/Diamond-Price

Primary LanguageJupyter Notebook

Diamond-Price

In this project, I'll be working with a dataset regarding the prices and attributes of approximately 54,000 round-cut diamonds. I'll go through the steps of an explanatory data visualization, systematically starting from univariate visualizations, moving through bivariate visualizations, and finally multivariate visualizations. Finally, I'll work on polishing up selected plots from the analysis so that their main points can be clearly conveyed to others.

Information on the Diamond Dataset

  • price: Price in dollars. Data were collected in 2008.

  • carat: Diamond weight. 1 carat is equal to 0.2 grams.

  • cut: Quality of diamond cut, affects its shine. Grades go from (low) Fair, Good, Very Good, Premium, Ideal (best).

  • color: Measure of diamond coloration. Increasing grades go from (some color) J, I, H, G, F, E, D (colorless).

  • clarity: Measure of diamond inclusions. Increasing grades go from (inclusions) I1, SI2, SI1, VS2, VS1, VVS2, VVS1, IF (internally flawless).

  • x, y, z: Diamond length, width, and depth, respectively, in mm.

  • table: Ratio of the width of the top face of diamond to its overall width, as a percentage.

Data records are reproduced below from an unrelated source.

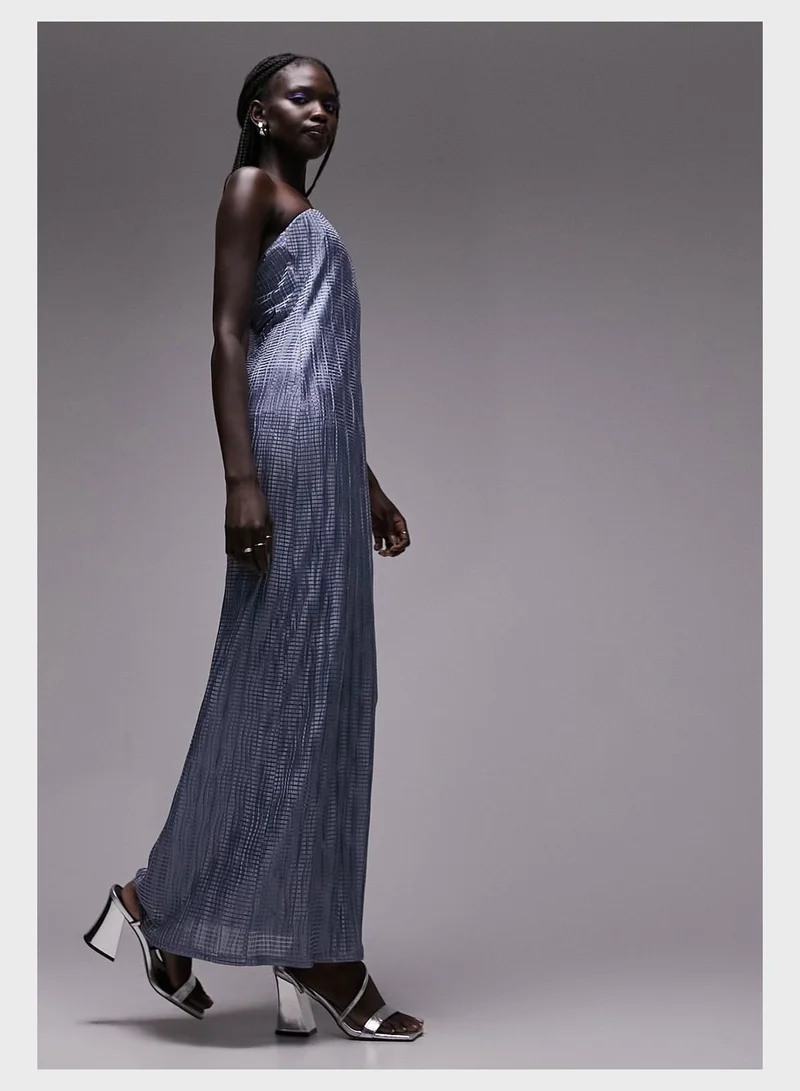 TOPSHOP Strapless Metallic Maxi Dress
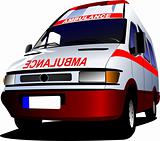 Modern ambulance van over white. Colored vector illustration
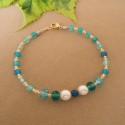 PULSERA EN AGATAS AZUL  Y PERLAS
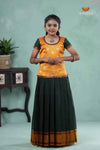 Summer Collection - Green Cotton Checks Pavadai Set For Girls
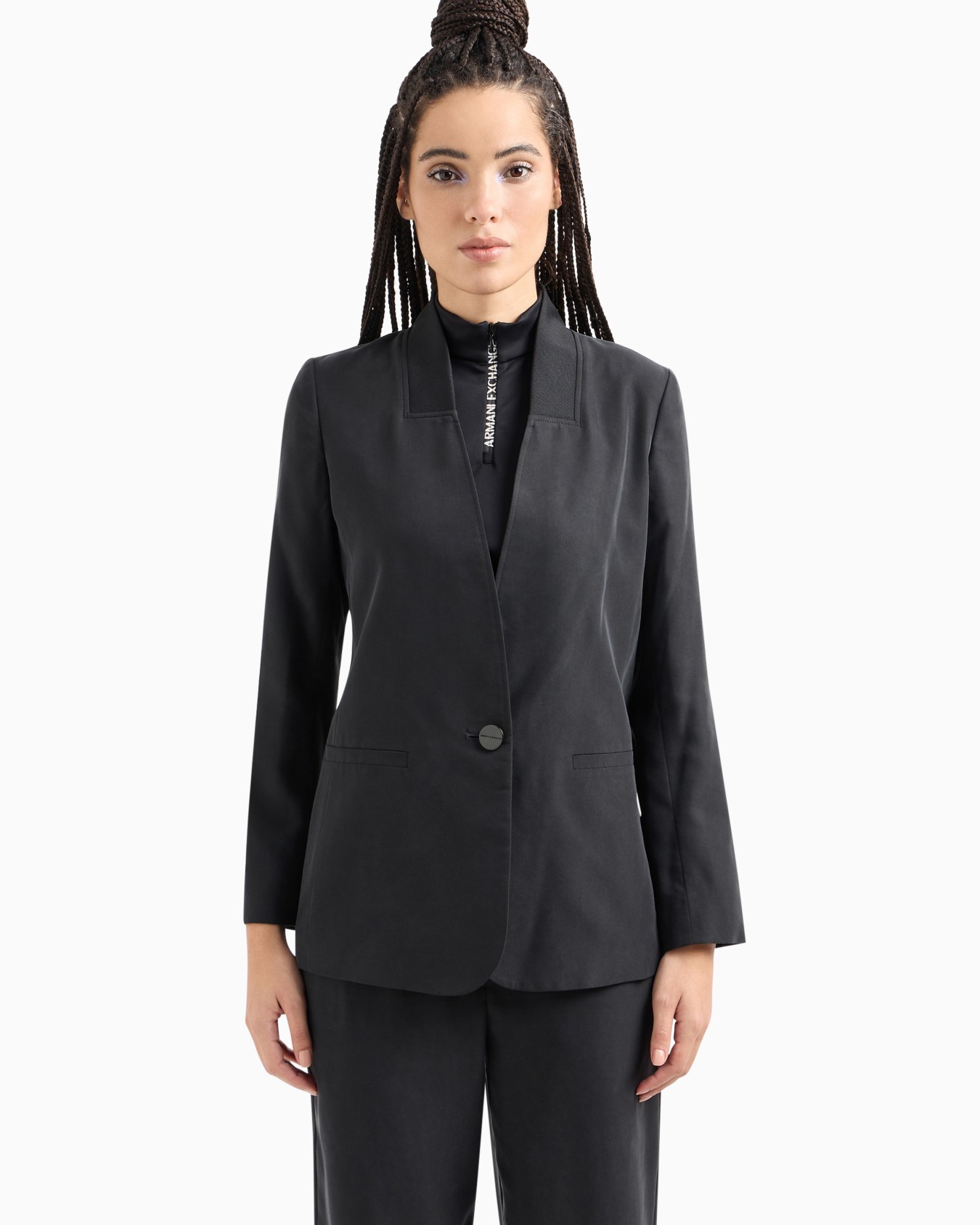 Single-breasted jacket in washed and sandblasted fabric Diapositiva 1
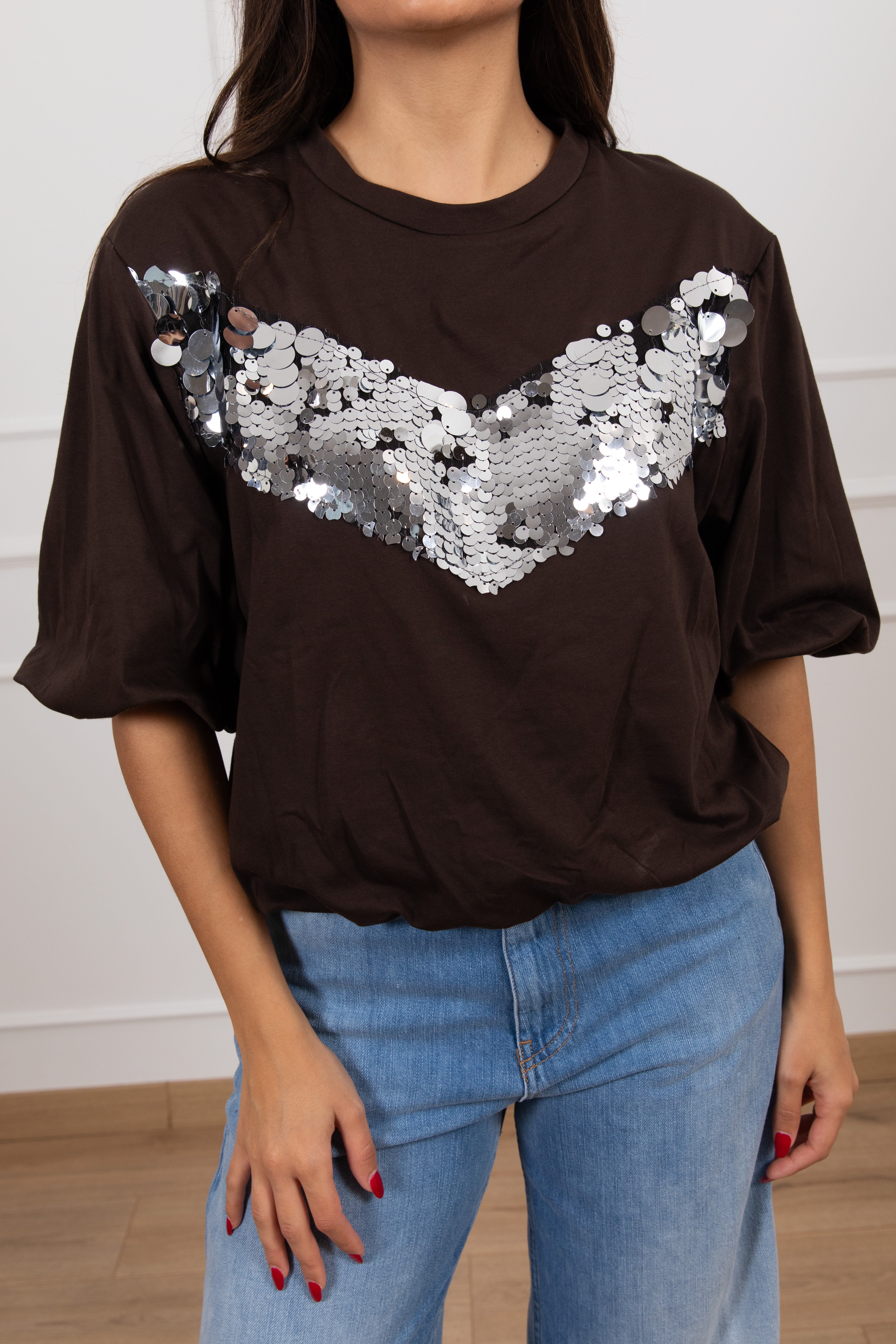 T-shirt a palloncino con banda paillettes Motel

  • depth: Proportional depth of the diamond, as a percentage. This is computed as 2 * z / (x + y), or the ratio of the depth to the average of length and width.

  • In the project, I will concentrate only on the variables in the top five bullet points: price and the four 'C's of diamond grade.

  • My focus will be on answering the question about the degree of importance that each of these quality measures has on the pricing of a diamond.